ILO and Workers: Violence at Work
The International Labour Organization (ILO) was founded in 1919 to promote social justice and, thereby, to contribute to universal and lasting peace. Its tripartite structure is unique among agencies affiliated to the United Nations. The ILO’s Governing Body includes representatives of government, employers’ and workers’ organizations. Its International Labour Conference meets annually to discuss social and labour questions.
As part of its work, the ILO provides expert advice and technical assistance to member States through a network of offices and multidisciplinary teams in over forty countries. This assistance takes the form of labour rights and industrial relations, counselling, employment promotion, training in small business development, project management, advice on social security, workplace safety and working conditions, the compiling and dissemination of labour statistics, and workers’ education.
The International Labour Office is the Organization’s secretariat, research body and publishing house. It produces material on major social and economic trends, publishes policy statements on issues affecting labour around the world, reference works, technical guides, research books and monographs, codes of practice prepared by experts and training and workers’ education manuals.
Violence at Work
The ILO has been in the vanguard in addressing protection of workers’ dignity and equality in the workplace, including publications on occupational stress, sexual harassment and child labour, among others. The commitment of the ILO to reducing workplace violence is demonstrated through the publication, in 2004, of its code of practice Workplace violence in service sectors and measures to combat this phenomenon.

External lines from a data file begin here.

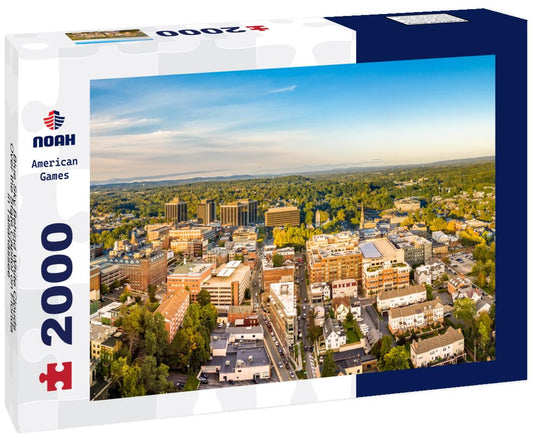 Noah Jigsaw Puzzle Blue Sky Behind White Clouds Over the State Capitol on Florida in Tallahassee 2000 pieces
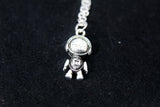 Silver Astronaut Charm Necklace, Astronaut Charm, Space Jewelry, Personalized Christmas Gift, N909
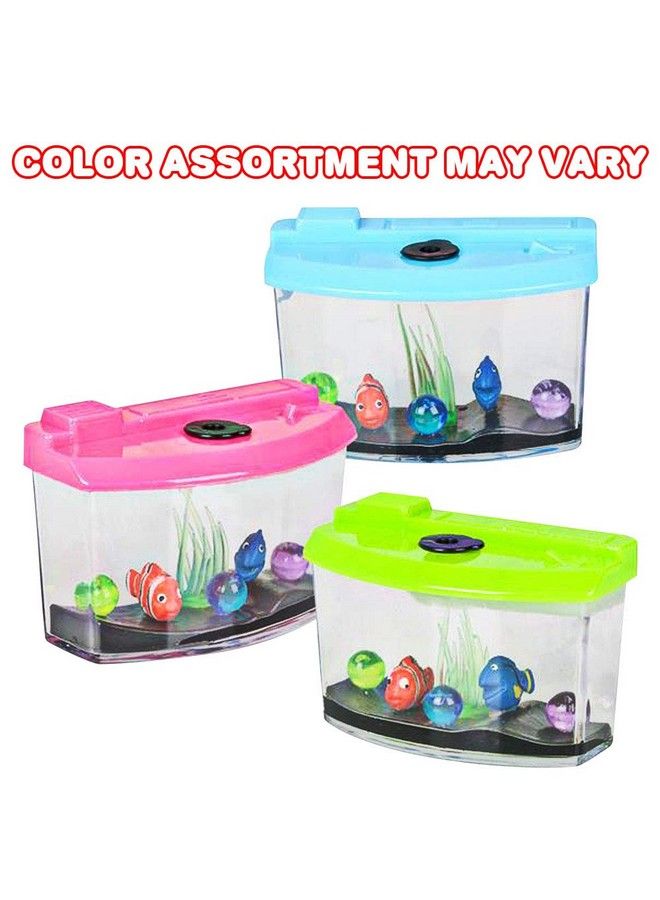 3 Inch Growing Aquarium Toy For Kids Set Of 3 Fish Grow 5X Bigger In Water Fun Expanding Animals Best Gift Idea Birthday Party Favor For Boys And Girls Assorted Neon Colors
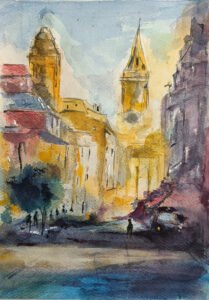 novus-art-studio-IMG20240208-stephen-collinson-street-scene-watercolour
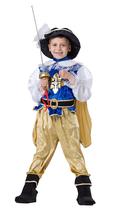 Costume Dress Up America Musketeer para crianças azul e dourado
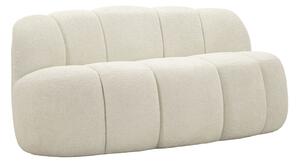Divanetto Ball Bianco 145x80x69 cm in Compensato e Spugna e Poliestere Bianco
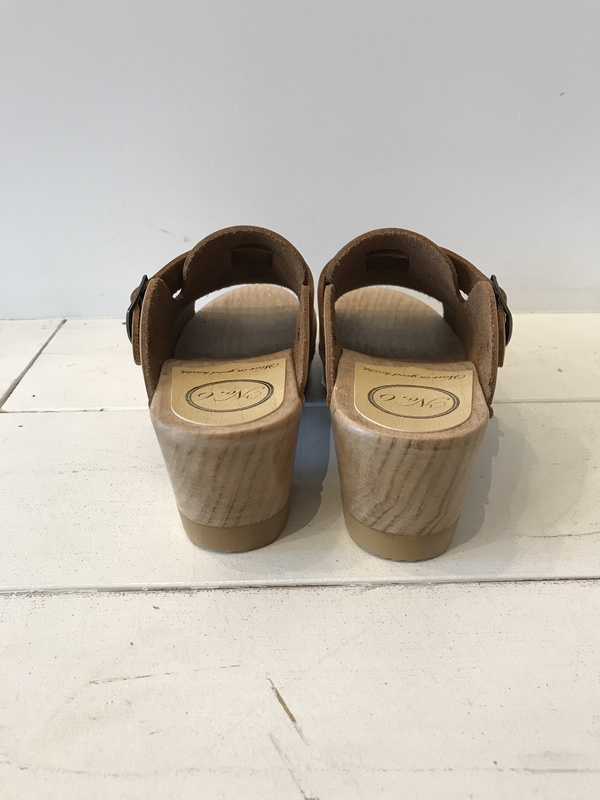 No.6 Sadie Clog On Mid Heel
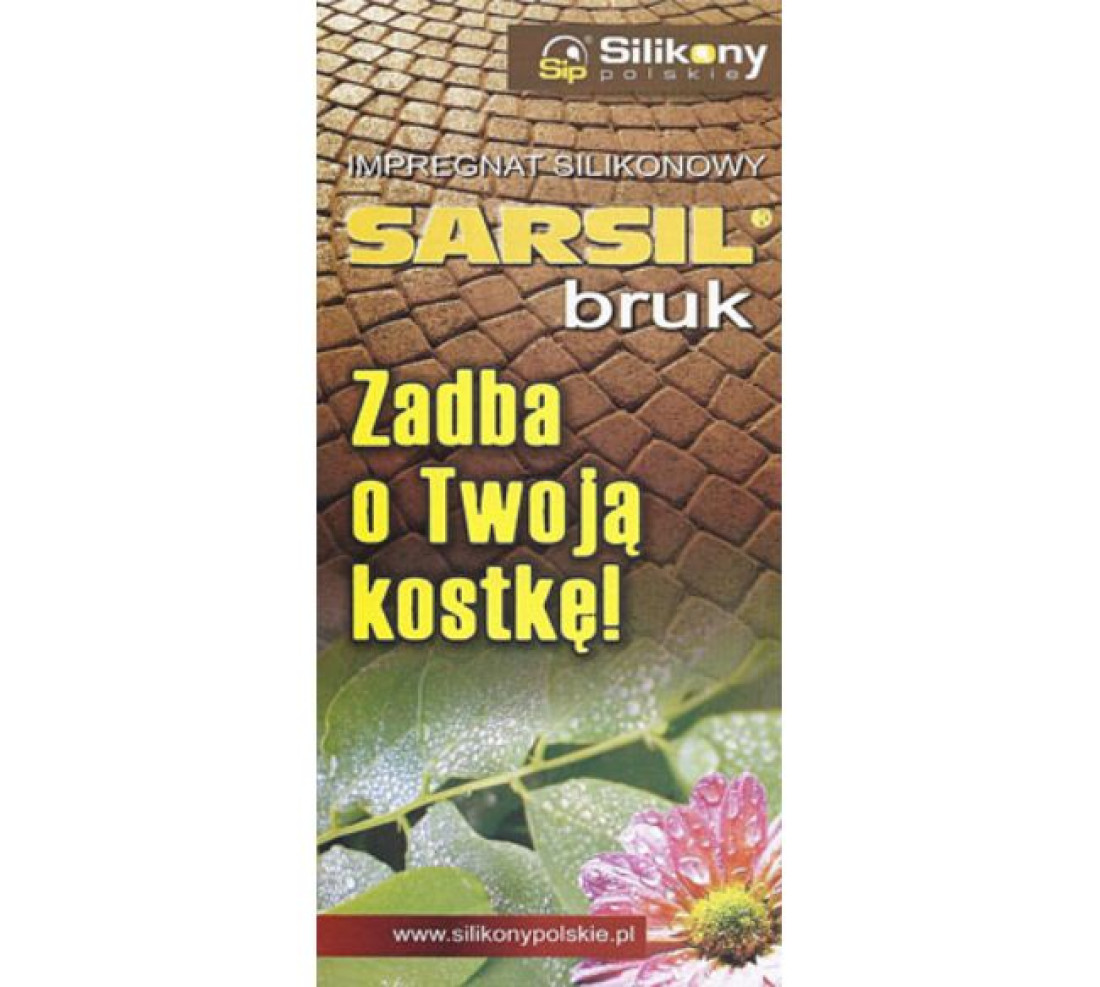 Impregnat silikonowy SARSIL bruk do kostki brukowej firmy Silikony Polskie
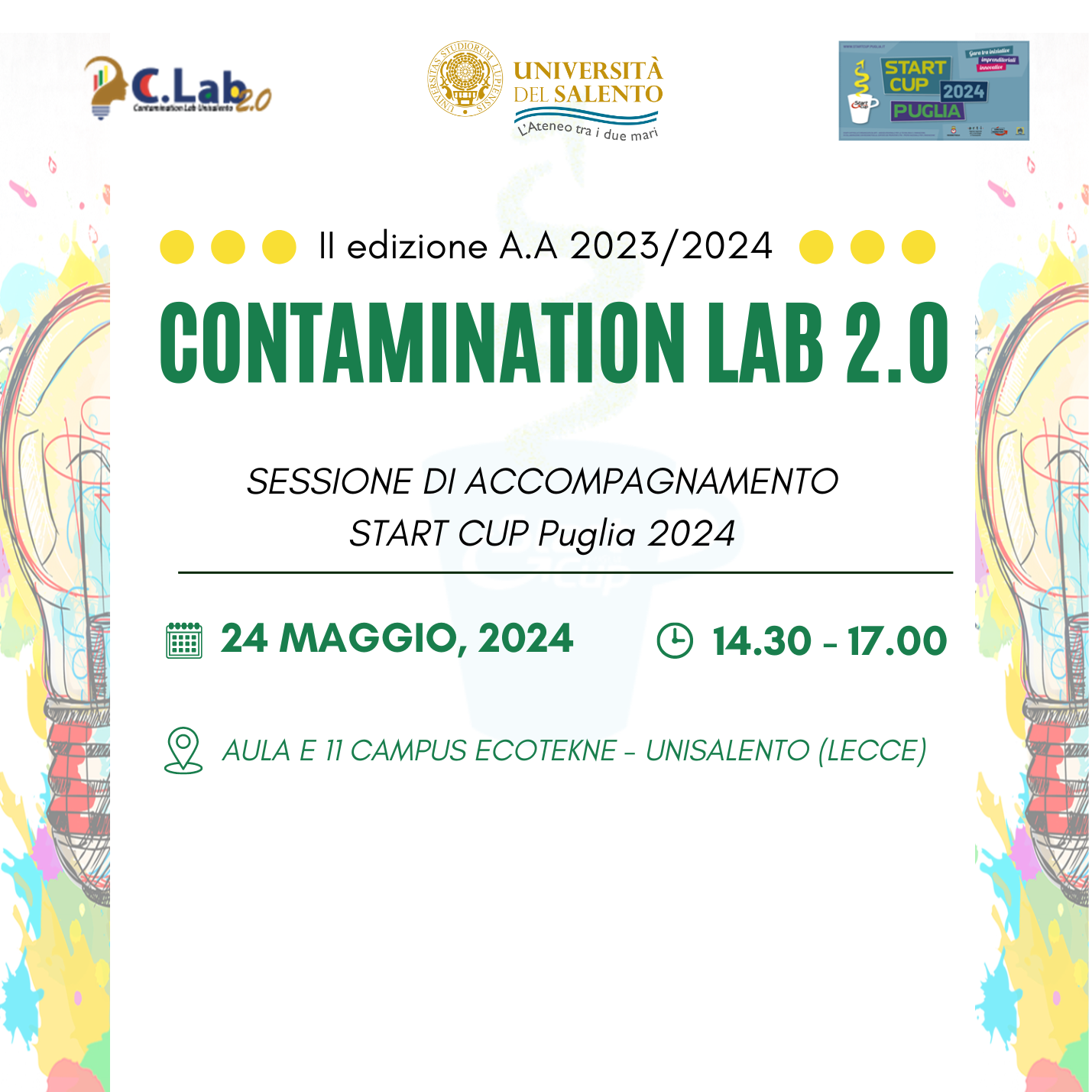 Il 24 maggio sessione di accompagnamento ad hoc per i team del Contamination Lab 2.0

A third edition of an ILO publication Violence at Work was published in 2006. It is structured in three parts: I Understanding Violence at work, II Responding to Violence at work, III Future action. It examines the full range of aggressive acts that occur in workplaces including homicides, assaults, sexual harassment, threats, bullying, mobbing and verbal abuse. It offers new information and evidence about the incidence and severity of workplace violence in countries around the world, including examination of some terrorist and mass murder events, identifies occupations and situations at particular risk, evaluates various causal explanations and details some of the social and economic costs.
It evaluates the effectiveness of workplace anti-violence measures and responses such as regulatory innovations, policy interventions, workplace design that may reduce risks, collective agreements and various “best practice” options worldwide. An expanded chapter deals with national and international legislation, and best practices, including from the European Union.
Viewed as a groundbreaking publication, Violence at Work is directed toward all those engaged in combating violence at work: policy makers in government agencies, employers’ and workers’ organizations, occupational safety and health professionals, human resources managers, trainers and workers. It is intended to promote dialogue, policies and initiatives “to repudiate violence and remove it from the workplace now”.
To mark Labour Day on l May 2007 - in celebration for the world’s workers - removal of workplace violence might be a hard but not an impossible challenge to face in the twenty-first century.